Chimeric Antigen Receptor (CAR) T-Cell Therapy for Pediatric Cancer
For T cells to attack cellular targets (viruses or cancer cells), they must bind to class I major histocompatibility complex (MHC) molecules on the surface of the target cells and avoid suppressor signals sent by regulatory T cells and other surface molecule interactions. Gene transfer technologies can modify T cells to express MHC-independent antibody-binding domains (CAR molecules) aimed at specific target proteins on the surface of tumors. To minimize the chance of suppressor mechanisms affecting CAR T-cell function and to create a cytokine milieu conducive to CAR T-cell expansion,[1] lymphodepleting chemotherapy is generally given before CAR T-cell infusions.
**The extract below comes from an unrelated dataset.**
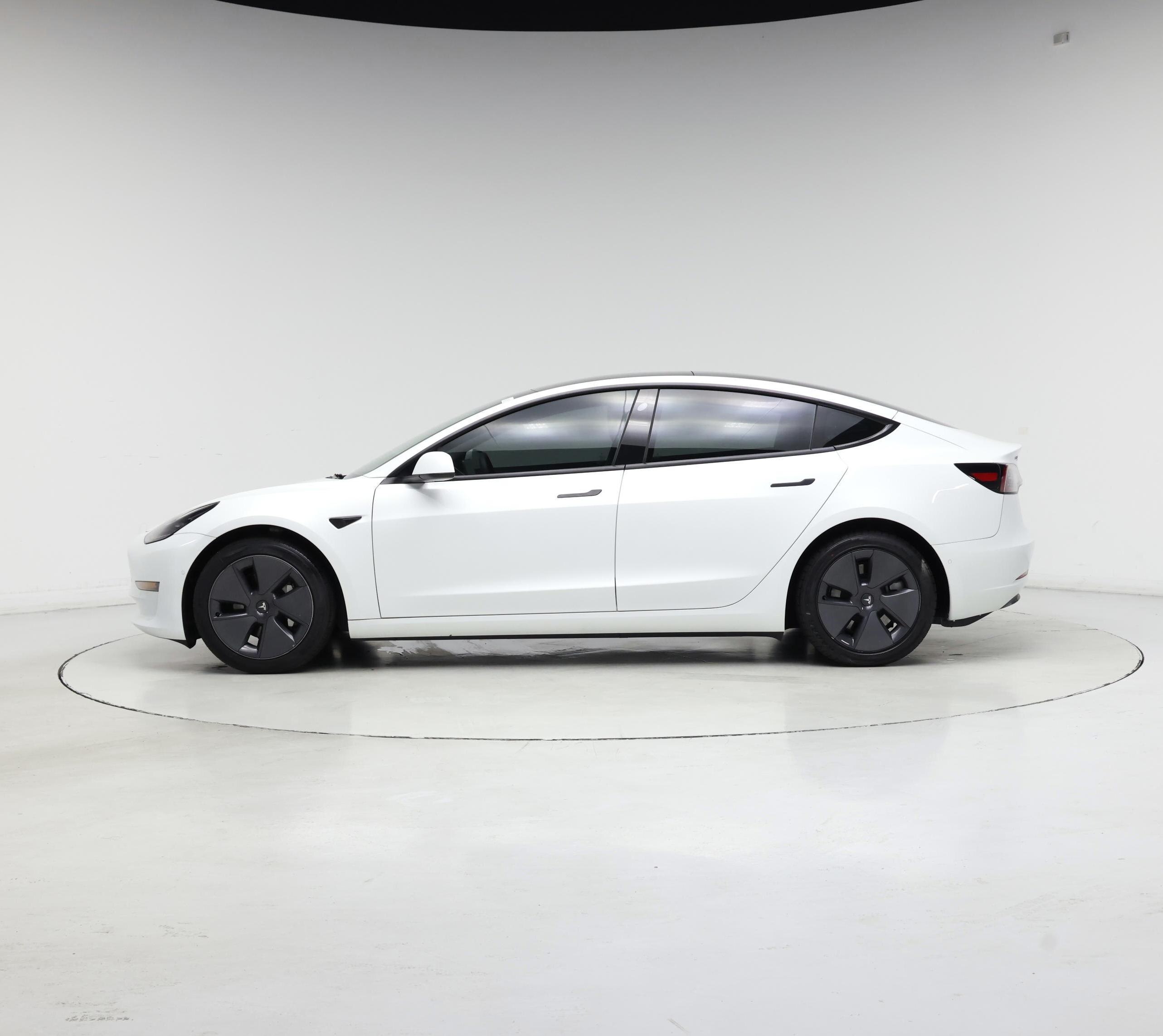 Thumbnail: 2022 Tesla Model 3 - 3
CAR T-cell–mediated responses are further enhanced by adding intracellular costimulatory domains (e.g., CD28, 4-1BB), which cause significant CAR T-cell expansion and may increase the lifespan of these cells in the recipient.[1]
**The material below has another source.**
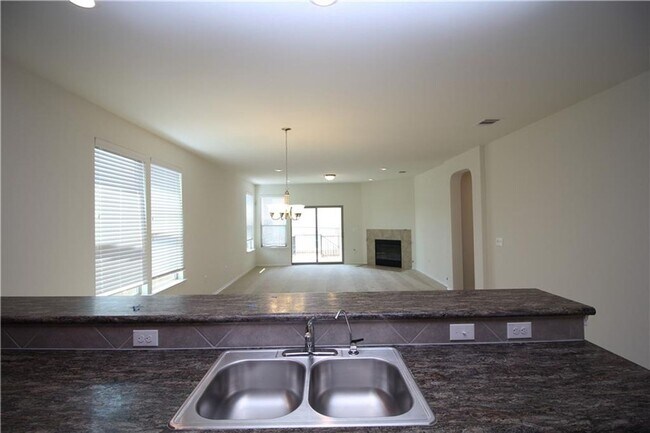 Building Photo - Beautiful one story brick home!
CAR T-Cell Therapy Indications for Pediatric Cancer
Investigators using this technology have targeted a variety of tumors/surface molecules, but the best-studied example in pediatric patients is CAR T cells aimed at CD19, a surface receptor on B cells. Several groups have reported significant rates of remission (70%–90%) in children and adults with refractory B-cell acute lymphoblastic leukemia (ALL).[2,3,4,5] Several groups have also reported persistence of CAR T cells and remission beyond 6 months in most patients studied.[5,6] Early loss of the CAR T cells is associated with relapse, and the best use of this therapy (bridge to transplant vs. definitive therapy) is under study.
Indications for hematopoietic stem cell transplantation vary over time as risk classifications for a given malignancy change and the efficacy of primary therapy improves. It is best to include specific indications in the context of complete therapy for any given disease. With this in mind, links to sections in specific PDQ summaries that cover the most common pediatric CAR T-cell therapy indications are provided below.
- B-cell acute lymphoblastic leukemia.
- Refer to the Treatment of Relapsed Childhood ALL section in the PDQ summary on Childhood Acute Lymphoblastic Leukemia Treatment for more information.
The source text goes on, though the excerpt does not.